(Records from a data collection)
··········

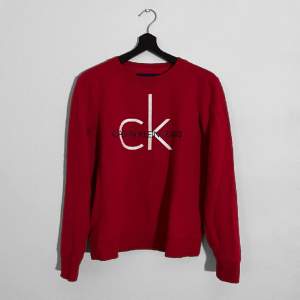 Märke: Calvin Klein Typ: Sweater fran CK med tryck Färg: Röd Strl: S Skick/Övrigt: Nyskick. Använd en gång. Vi finns alltid till hands i PM för fragor och funderingar!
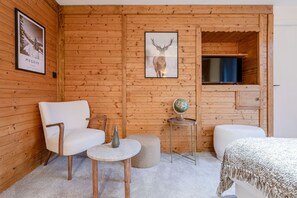 Suite | Individuelt dekorert, individuelt innredet og skrivebord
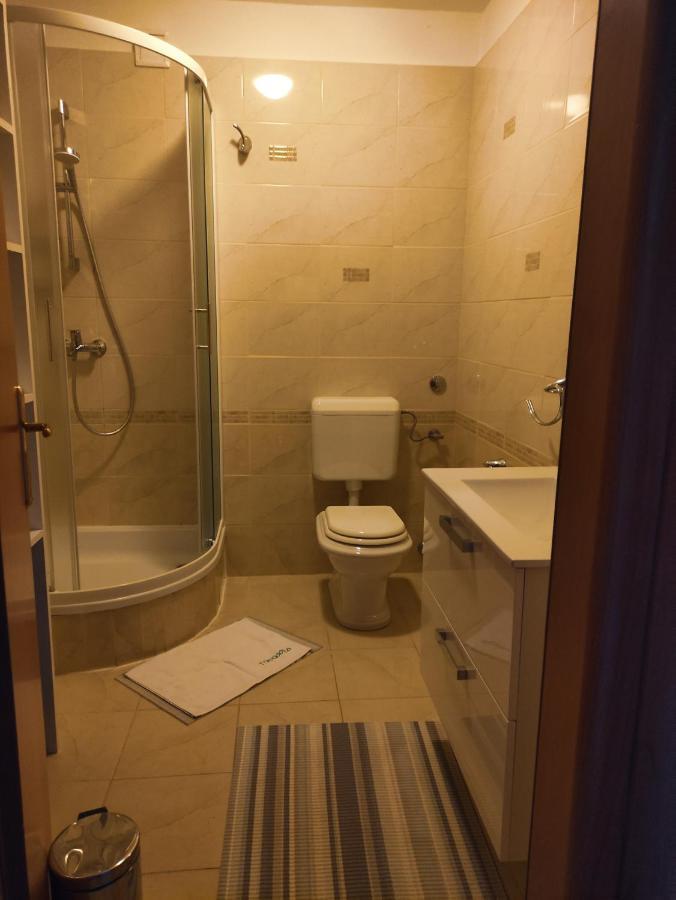 Apartman Vesna 2 Persons Njivice Exterior photo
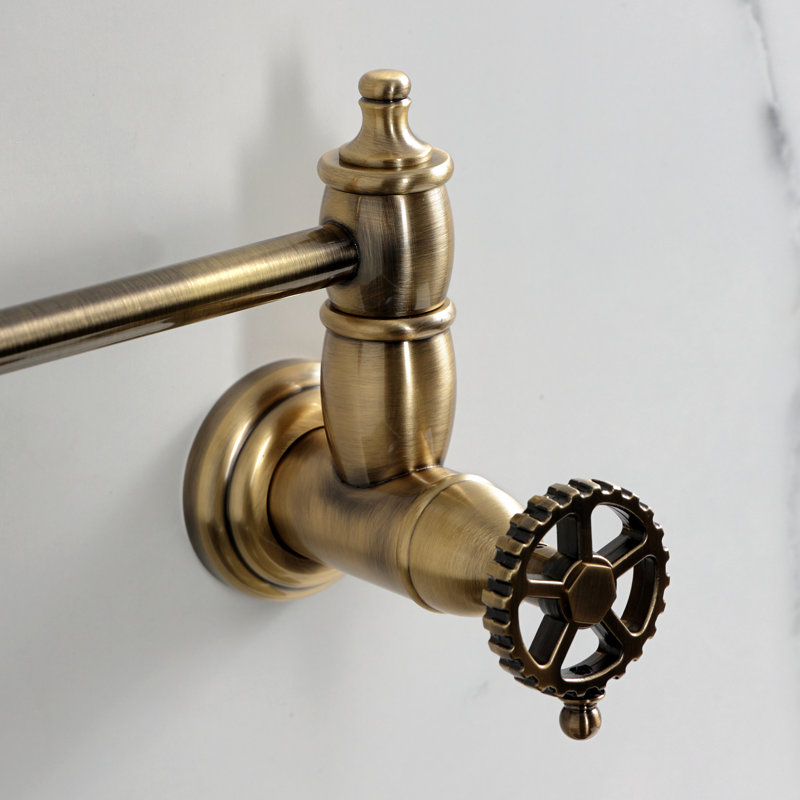 Remplisseur de pot Fuller, Laiton antique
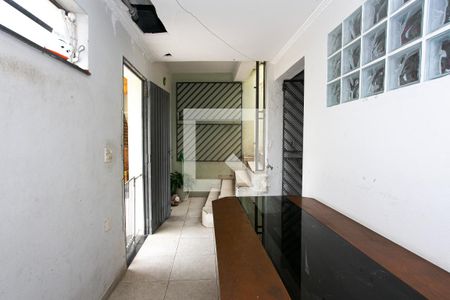 Casa à venda com 230m², 3 quartos e 6 vagas Casa à venda com 230m², 3 quartos e 6 vagasÁrea de Serviço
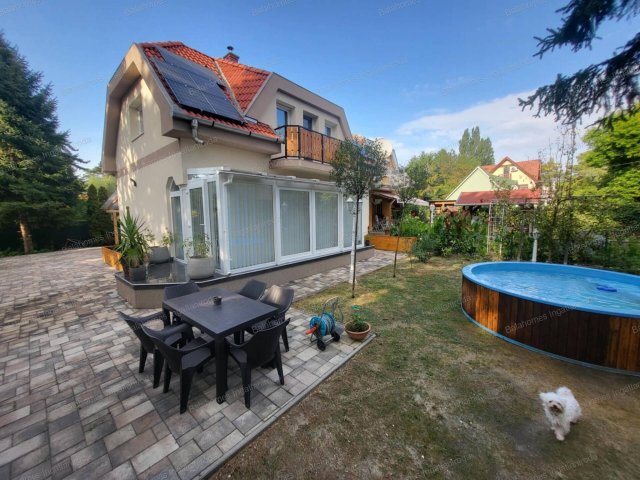 Eladó családi ház, Siófokon 199 M Ft, 3 szobás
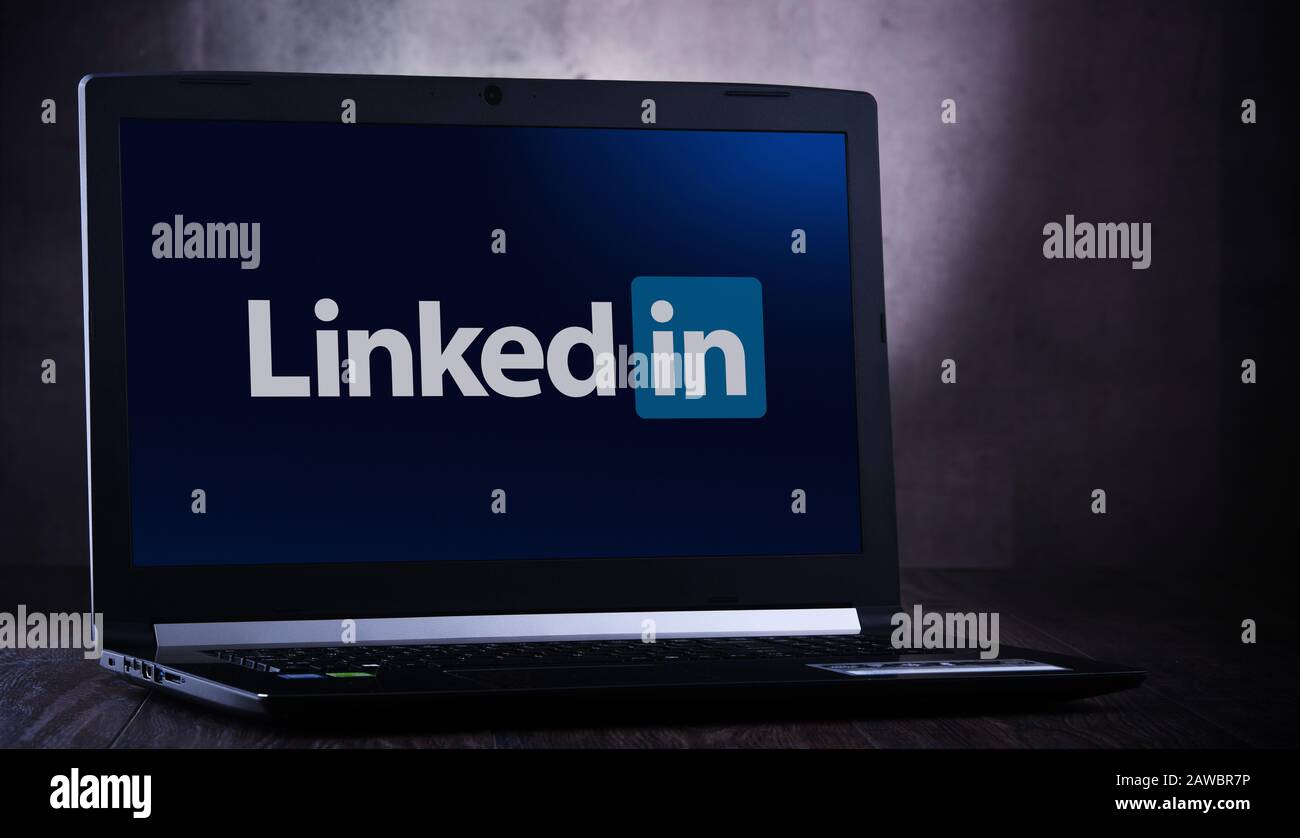 Linkedin profile hi-res stock photography and images - Alamy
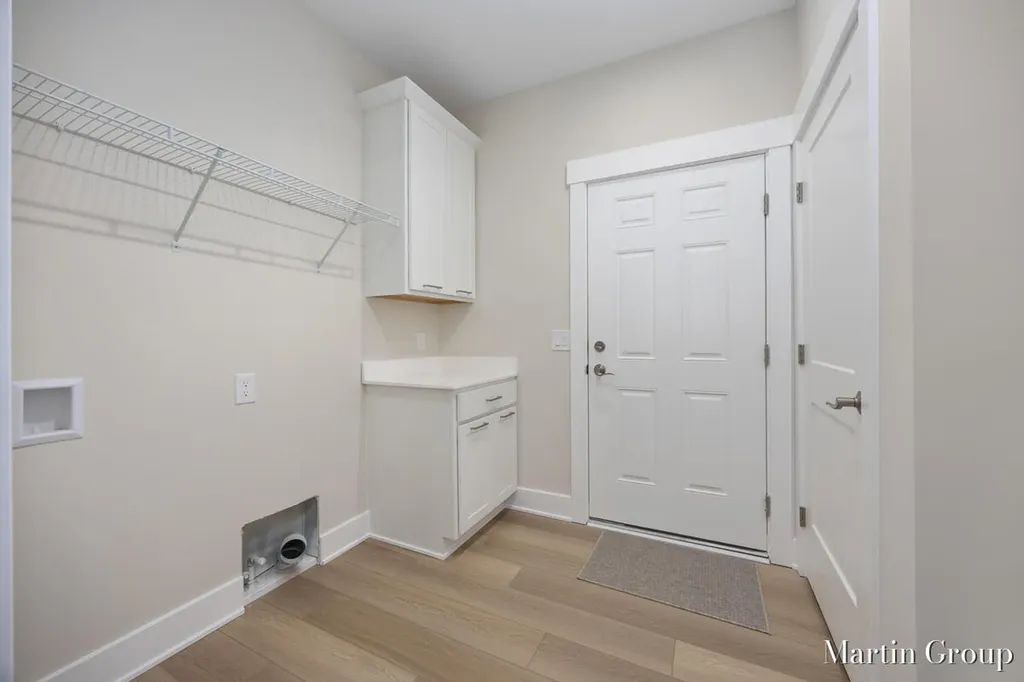2247 Watertown Way NE Grand Rapids City MI 49505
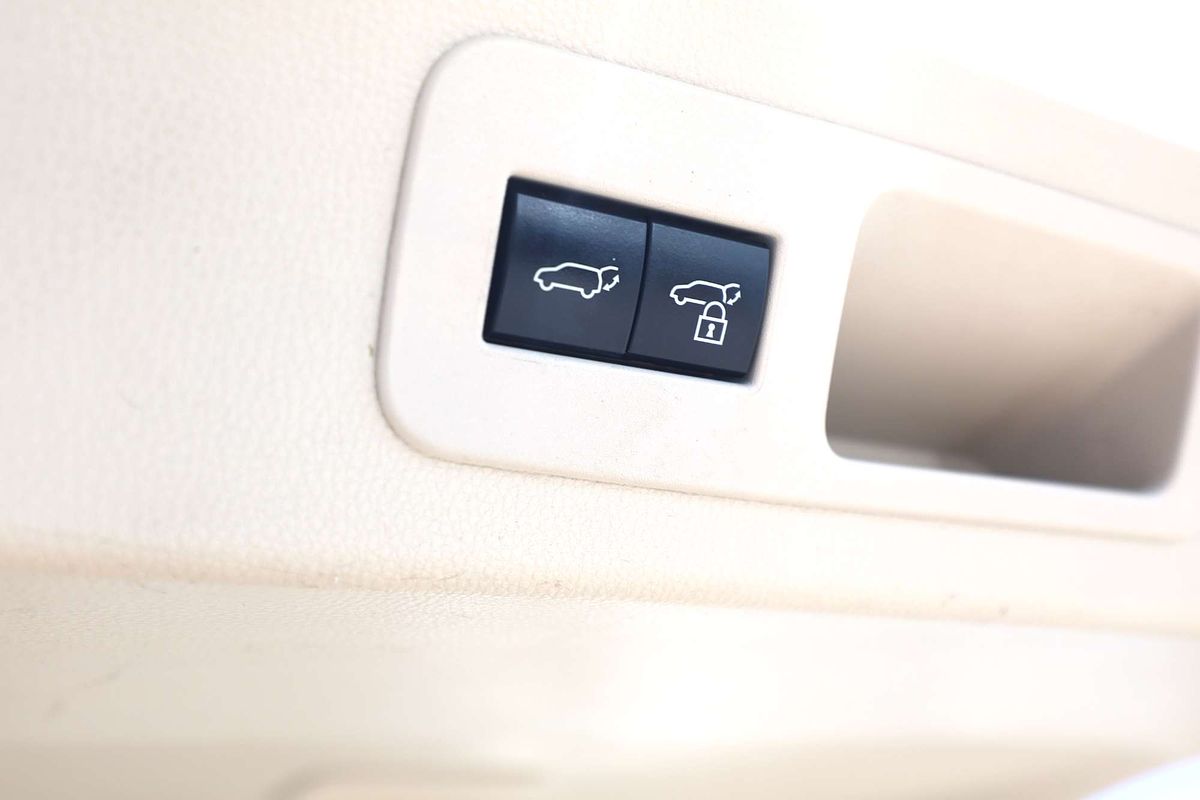 2022 Toyota Landcruiser Sahara ZX FJA300R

··········

> **REQUIRED ACTION**
Only the lines from the one containing "Apartman Vesna 2" through the last line of the records above should be repeated, exactly and without pictures.

> **ANSWER BOX**
 Apartman Vesna 2 Persons Njivice Exterior photo
 Remplisseur de pot Fuller, Laiton antique
 Casa à venda com 230m², 3 quartos e 6 vagas Casa à venda com 230m², 3 quartos e 6 vagasÁrea de Serviço
 Eladó családi ház, Siófokon 199 M Ft, 3 szobás
 Linkedin profile hi-res stock photography and images - Alamy
2247 Watertown Way NE Grand Rapids City MI 49505
 2022 Toyota Landcruiser Sahara ZX FJA300R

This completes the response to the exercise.